Provided data -
# # # # # # #

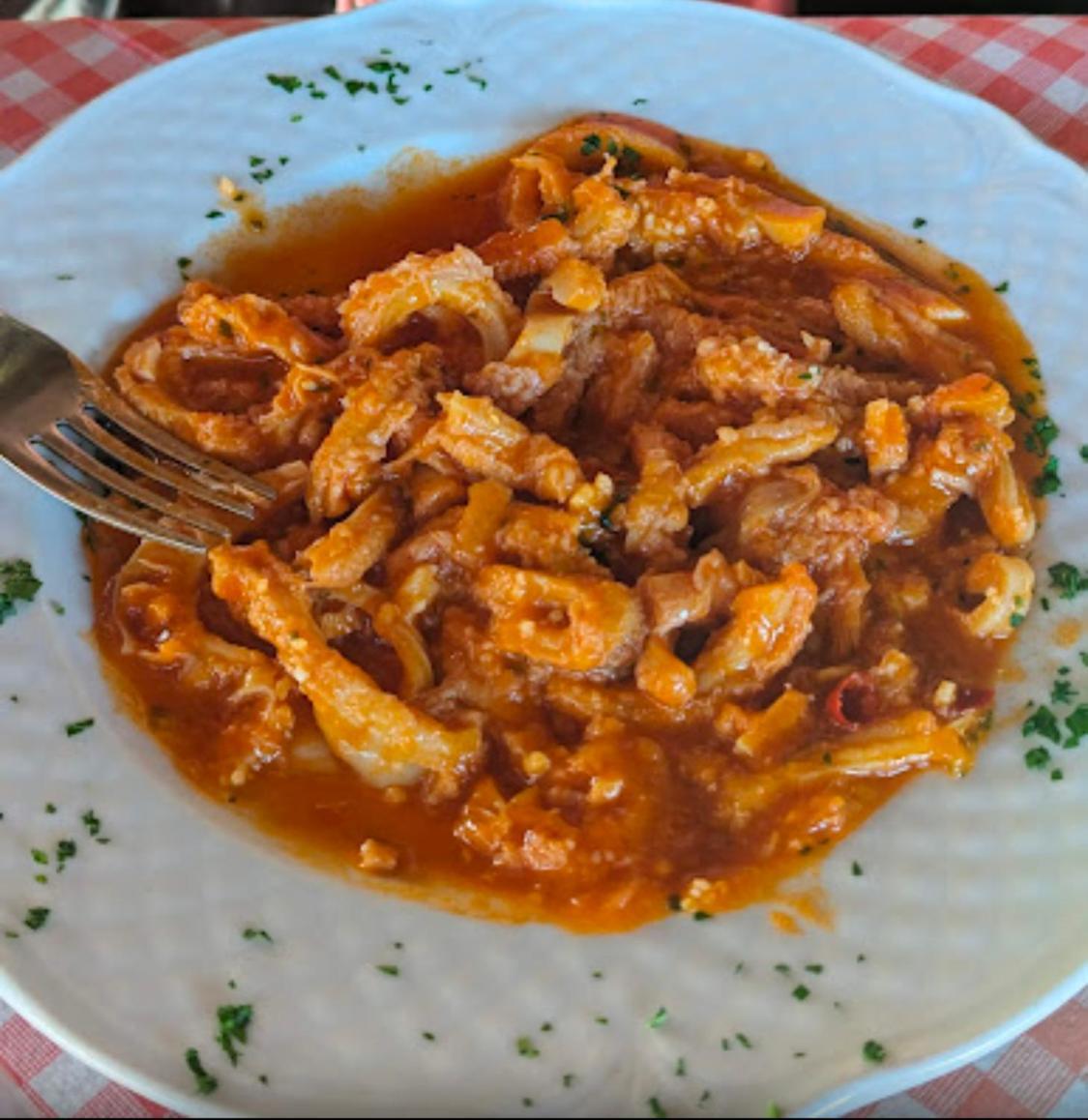 Bio Agriturismo Aia Del Tufo ソラーノ エクステリア 写真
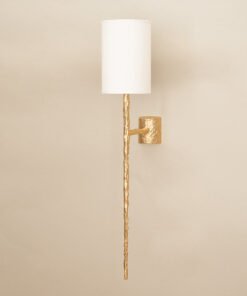 GROVE Sconce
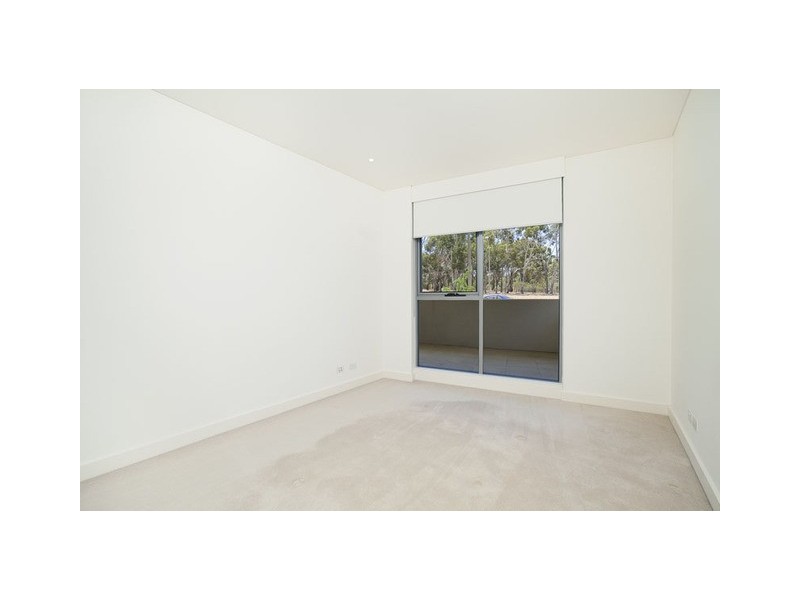11/19 State Circle, Forrest ACT 2603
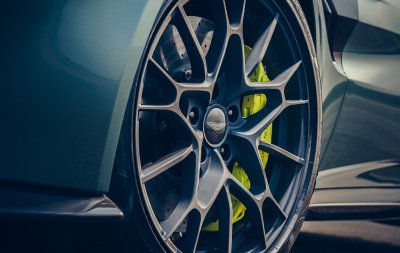 Siêu xe Aston Martin Vantage AMR bắt đầu được nhận đặt cọc tại Việt Nam 2 Siêu xe Aston Martin Vantage AMR bắt đầu được nhận đặt cọc tại Việt Nam 2a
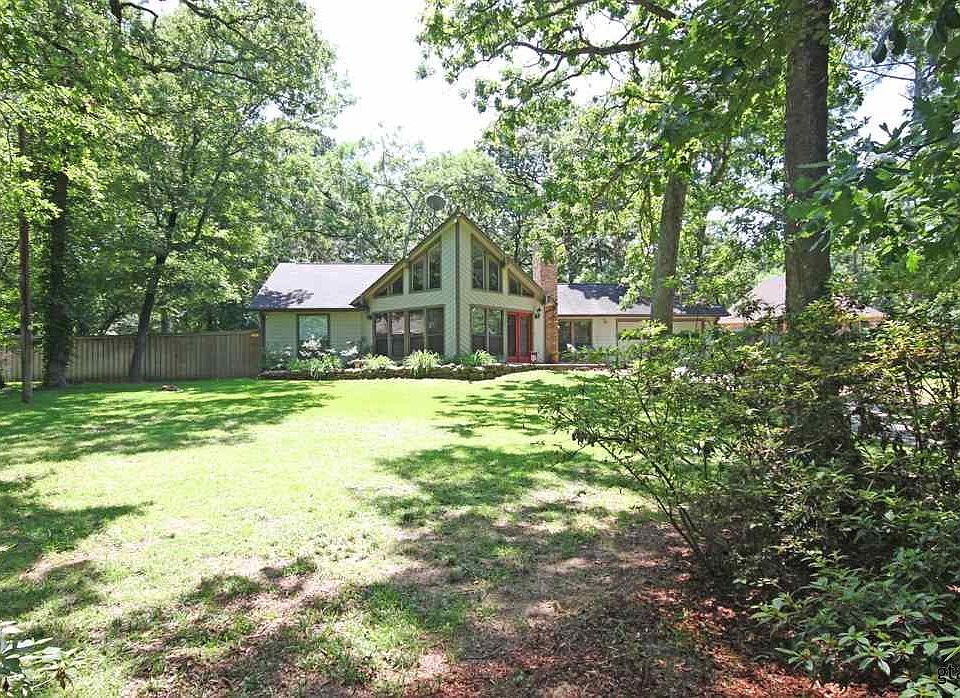 1st image of 23655 Oakhill Pl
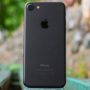 Apple iphone 7 price in Pakistan with special features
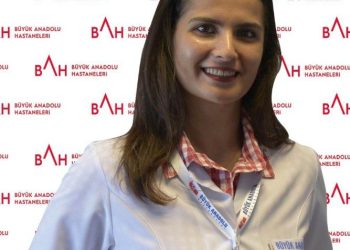 Diyetisyen Elanur Akay: “Ramazan’da mutlaka omega-3 tüketin”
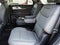 2026 Ford Explorer Active 4WD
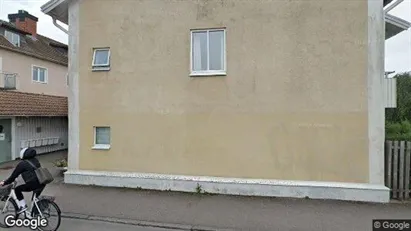 Apartments for rent in Växjö - Photo from Google Street View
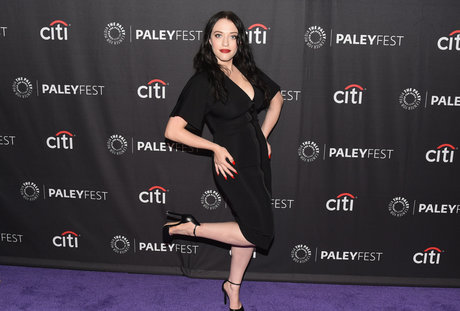Kat Dennings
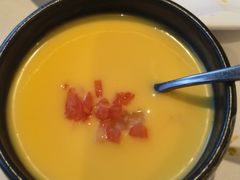 -味钱塘·钱塘渔鲜·地道江浙菜(宋城店)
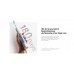 Brush Xiaomi Oscillation MES609 White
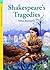 Shakespeare' s Tragedies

# # # # # # #

Work item - What is wanted is the listing, written out exactly, with each picture removed.

Your solution -
 Bio Agriturismo Aia Del Tufo ソラーノ エクステリア 写真
 GROVE Sconce
11/19 State Circle, Forrest ACT 2603
 Siêu xe Aston Martin Vantage AMR bắt đầu được nhận đặt cọc tại Việt Nam 2 Siêu xe Aston Martin Vantage AMR bắt đầu được nhận đặt cọc tại Việt Nam 2a
 1st image of 23655 Oakhill Pl
 Apple iphone 7 price in Pakistan with special features
 Diyetisyen Elanur Akay: “Ramazan’da mutlaka omega-3 tüketin”
 2026 Ford Explorer Active 4WD
 Apartments for rent in Växjö - Photo from Google Street View
Kat Dennings
 -味钱塘·钱塘渔鲜·地道江浙菜(宋城店)
 Brush Xiaomi Oscillation MES609 White
 Shakespeare' s Tragedies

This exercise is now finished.